The few who told a formal source, which included the police and women’s NGOs, did so only when the violence was severe or ongoing. Barriers to support seeking included shame because revealing family violence is perceived as a violation of social norms, fear of the consequences, lack of trust in service providers, and inability to leave the home due to lack of finances or childcare. Women and girls also needed the permission of husbands or other family members to attend programming and often had to obscure their visits to GBV survivor service providers by informing their family members that they were seeking and obtaining alternatively, more socially acceptable services such as healthcare.

Based on the findings of this research, we believe that while most survivors of violence will not seek formal services, there is much that community-based organizations, international organizations, and donors are doing and can do to enhance the support that women and girl refugees receive in North Jordan and South Lebanon:

  • Offer multiple services in one site to help women overcome high social barriers to attending survivor support services and enable them to obtain the permission that they frequently need from male family members to attend.

  • Integrate the updated IASC Guidelines into current practice to enable service providers to remain in contact with refugees who are frequently displaced by the high cost of living in host communities.

  • Examine how services could be provided more efficiently in particular by identifying methods to reduce GBV service provider staff turnover and by determining if it is efficient to develop parallel services for Palestinian Refugees from Syria and Syrian Nationals.

  • Address the cost of healthcare services associated with reproductive and sexual health and ensure that healthcare providers screen for violence exposure in order to ensure that women and girls who are at risk of violence are able to obtain healthcare services for health impacts of violence that are associated with mortality.

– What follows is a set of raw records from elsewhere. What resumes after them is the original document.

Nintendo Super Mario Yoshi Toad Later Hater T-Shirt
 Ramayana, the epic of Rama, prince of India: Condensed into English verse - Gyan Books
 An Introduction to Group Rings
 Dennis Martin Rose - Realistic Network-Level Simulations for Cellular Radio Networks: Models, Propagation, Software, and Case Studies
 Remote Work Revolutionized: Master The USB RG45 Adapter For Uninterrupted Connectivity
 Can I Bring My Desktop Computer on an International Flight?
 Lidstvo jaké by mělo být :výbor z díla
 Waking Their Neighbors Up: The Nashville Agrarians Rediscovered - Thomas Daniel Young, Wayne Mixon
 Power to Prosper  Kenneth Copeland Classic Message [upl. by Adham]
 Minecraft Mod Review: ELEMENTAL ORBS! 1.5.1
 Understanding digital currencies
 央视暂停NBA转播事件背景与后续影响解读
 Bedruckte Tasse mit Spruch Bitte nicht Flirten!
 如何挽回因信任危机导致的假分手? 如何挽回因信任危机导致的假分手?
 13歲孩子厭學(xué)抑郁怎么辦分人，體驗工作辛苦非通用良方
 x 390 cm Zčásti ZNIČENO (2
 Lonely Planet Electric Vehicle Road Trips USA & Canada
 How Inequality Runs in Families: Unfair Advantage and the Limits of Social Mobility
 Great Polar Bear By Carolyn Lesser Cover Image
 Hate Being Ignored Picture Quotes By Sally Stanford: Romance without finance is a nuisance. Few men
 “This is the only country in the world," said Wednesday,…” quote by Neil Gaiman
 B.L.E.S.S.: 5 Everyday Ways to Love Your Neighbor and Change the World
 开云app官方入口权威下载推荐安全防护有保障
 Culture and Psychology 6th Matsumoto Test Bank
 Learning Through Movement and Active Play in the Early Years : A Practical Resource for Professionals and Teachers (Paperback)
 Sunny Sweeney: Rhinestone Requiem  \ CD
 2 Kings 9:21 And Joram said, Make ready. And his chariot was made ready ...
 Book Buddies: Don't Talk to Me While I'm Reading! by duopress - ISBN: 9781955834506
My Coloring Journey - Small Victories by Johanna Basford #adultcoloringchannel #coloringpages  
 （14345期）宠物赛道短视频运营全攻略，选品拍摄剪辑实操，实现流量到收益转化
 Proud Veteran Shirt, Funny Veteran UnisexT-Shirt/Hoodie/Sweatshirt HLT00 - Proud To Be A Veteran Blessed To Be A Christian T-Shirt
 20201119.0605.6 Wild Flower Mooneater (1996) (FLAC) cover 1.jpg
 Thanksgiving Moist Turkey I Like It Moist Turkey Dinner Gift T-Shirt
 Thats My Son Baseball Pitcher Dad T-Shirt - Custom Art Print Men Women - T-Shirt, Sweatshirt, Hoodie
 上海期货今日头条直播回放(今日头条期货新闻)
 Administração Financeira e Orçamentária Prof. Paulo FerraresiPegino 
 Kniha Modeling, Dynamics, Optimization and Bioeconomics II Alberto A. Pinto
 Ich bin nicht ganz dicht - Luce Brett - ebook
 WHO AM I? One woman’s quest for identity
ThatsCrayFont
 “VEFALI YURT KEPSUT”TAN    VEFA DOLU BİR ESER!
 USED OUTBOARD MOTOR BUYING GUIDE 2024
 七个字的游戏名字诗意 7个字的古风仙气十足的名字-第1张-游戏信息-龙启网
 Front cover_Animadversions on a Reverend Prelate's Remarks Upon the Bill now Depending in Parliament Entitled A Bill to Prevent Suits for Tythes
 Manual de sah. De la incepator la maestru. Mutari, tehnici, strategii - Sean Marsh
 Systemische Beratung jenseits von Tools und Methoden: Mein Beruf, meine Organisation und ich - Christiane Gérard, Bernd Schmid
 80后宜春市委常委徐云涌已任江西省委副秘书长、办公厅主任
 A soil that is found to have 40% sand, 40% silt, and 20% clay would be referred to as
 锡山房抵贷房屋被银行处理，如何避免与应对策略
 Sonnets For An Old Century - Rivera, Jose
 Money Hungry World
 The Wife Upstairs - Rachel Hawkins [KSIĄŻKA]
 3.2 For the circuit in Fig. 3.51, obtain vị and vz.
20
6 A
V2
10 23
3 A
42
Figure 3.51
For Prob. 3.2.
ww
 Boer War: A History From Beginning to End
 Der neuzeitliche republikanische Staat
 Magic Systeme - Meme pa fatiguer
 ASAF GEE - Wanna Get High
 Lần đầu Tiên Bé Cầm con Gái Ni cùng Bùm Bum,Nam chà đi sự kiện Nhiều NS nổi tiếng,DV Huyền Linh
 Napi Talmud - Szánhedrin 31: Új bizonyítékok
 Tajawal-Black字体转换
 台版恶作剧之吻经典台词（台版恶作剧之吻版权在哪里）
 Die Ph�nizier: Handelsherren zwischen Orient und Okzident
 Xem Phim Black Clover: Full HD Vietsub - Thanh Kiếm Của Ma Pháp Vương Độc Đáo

  • Integrate child protection services into GBV survivor support services and make GBV services child and adolescent friendly because many children have been abused or have witnessed abuse and intervention with children of violence survivors is needed to prevent the cycle of violence.

  • Implement interventions involving conditional or unconditional cash transfers and conduct rigorous evaluations to support women to relieve tensions caused by financial stress in the home but further research is needed to examine the efficacy of this type of intervention in the Middle East.

  • Where possible, engage older in research activities to shed light on important issues for this particularly under-researched population.

  • Conduct activities and research with men and boys to understand how men and boys could be better integrated into violence prevention initiatives to prevent marital rape and sexual assault, child marriage, and child abuse.

Through these initiatives and the ongoing services, we believe that service organizations and donors can enhance their support for women and girl refugees from Syria living in North Jordan and South Lebanon.